I’m back from vacation. Hope you all had a great time while I was away.


Tech Stuff

Workweek “A complete map of the US tech landscape”

Jaana Dogan Career path to Senior Simplifier?

In tech, we need a "Dependency removal engineer" role.

webpro/knip Here's one way to get rid of "no longer in use" code and dependencies.

Knip will analyze your JS/TS project and list unused files, dependencies, exports, etc.

kellyjonbrazil/jc CLI tool that converts the output of common CLI tools/files into JSON.

Layout Breakouts with CSS Grid More CSS wizardry, this time using grid-template-columns, naming grid lines, and casting mixmax spells.

CSS shapes examples Collections of shapes made with nothing but CSS, ready to use, click to copy.

dai-shi/excalidraw-animate Make your architecture documents stand out with animated Excalidraw drawings.

Felix Geisendörfer

Same here. Engineers (myself included) love focusing on elegant/fancy technical solutions to the point where the original problems, use cases and goals can easily become lost or highly confused.

But clarity of goals beats elegant solutions anytime.

Shubhangi ✿

What do you call a party with developers?

A git together

I'm so sorry😅

Amjad Masad “If this works well, this use case is enough to make the product viable.”

(* The Quest Pro is 1800 x 1920 per eye, compared with the MacBook's 2560 x 1600 — I'm not sure the tech is quite there yet, but if not this year …)


Peoples

Warren Craddock 👇 The fine line between a culture that walks through walls and a culture blind to the obvious:

I've worked on a number of high-profile failures:

  • Lytro lightfield cameras
  • Google Glass head-mounted computer
  • Google Clips automatic photographer

They all had a fatal flaw. Everyone saw the flaw. But the culture that arose in these teams purposefully ignored the flaw. 1/n

Shreyas Doshi The struggle of managing an org at scale:

An unfortunate reality of the typical product org is that you will actually get way more kudos from your stakeholders, execs, and peers for finally shipping the feature that “customers have been asking for forever” than for foreseeing customer needs & shipping it proactively.
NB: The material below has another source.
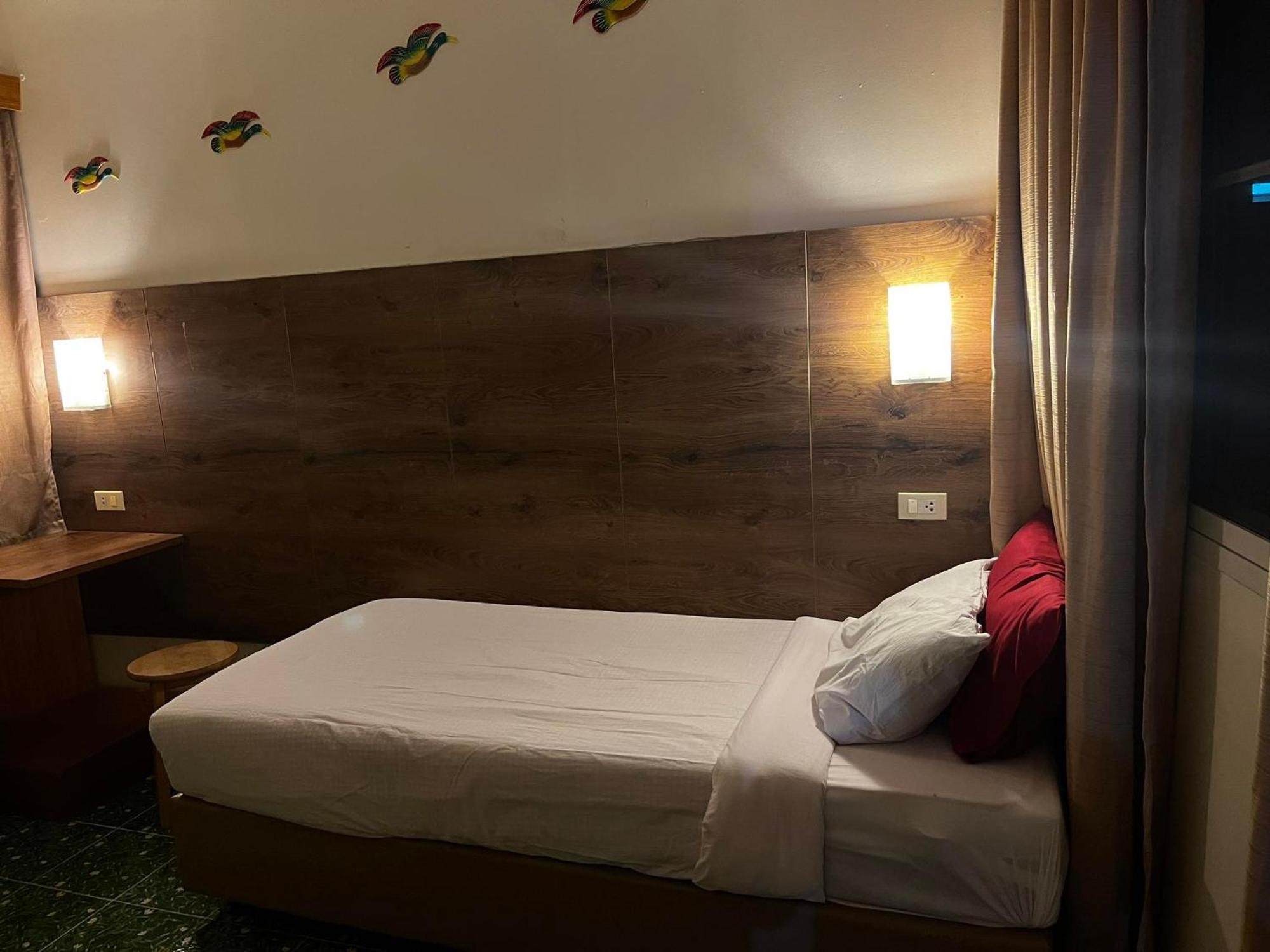 Baan Rachaya Apartment Чиангмай Екстериор снимка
Erik Bernhardsson Same. I learned a while back to not call this "a backlog" but instead "parked":

My weird architecture trick is to write down design docs for random ideas all the time, let them sit around for a long time, make occasional edits, archive most of them, then implement some small subset that still seem like a good idea 3+ months later


Business Side

Paul Rosania In my experience it strikes a good value-price balance:

My absolute favorite SaaS pricing and packaging principle is, "Sell order, give away chaos." Easy to remember, super effective. It sounds cynical but I promise it isn't! 👇🏼

Apoorva Govind 👇

So Apple basically screwed over Shopify, SMB owners & sealed the monopoly of Amazon.
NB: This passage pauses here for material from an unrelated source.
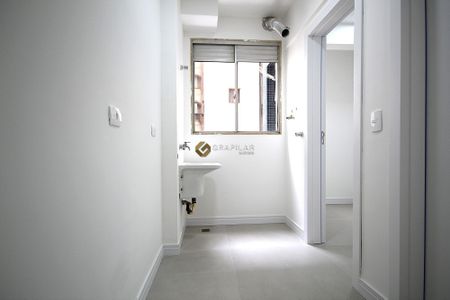 13_photo/94dce37ea7.cd0e1b8ac142a368-ATLAS-c52fea05-6a0e-4313-b571-d96ec7e0be54.jpg de apartamento à venda com 3 quartos, 104m² em Água Verde, Curitiba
As an Apple customer, does it mean I’ll not see ads anymore?

No! Just means I’m seeing shittier ads. Apple is building their own ad system but that’ll probably take years to get as good as FB

Forrest Brazeal Where is the lie?


Machine Thinking

v buckenham

there is a real fear among AI researchers that the last big corpuses of human written text have already been captured. all future scrapes of the internet for text to learn from will be contaminated by machine-speak.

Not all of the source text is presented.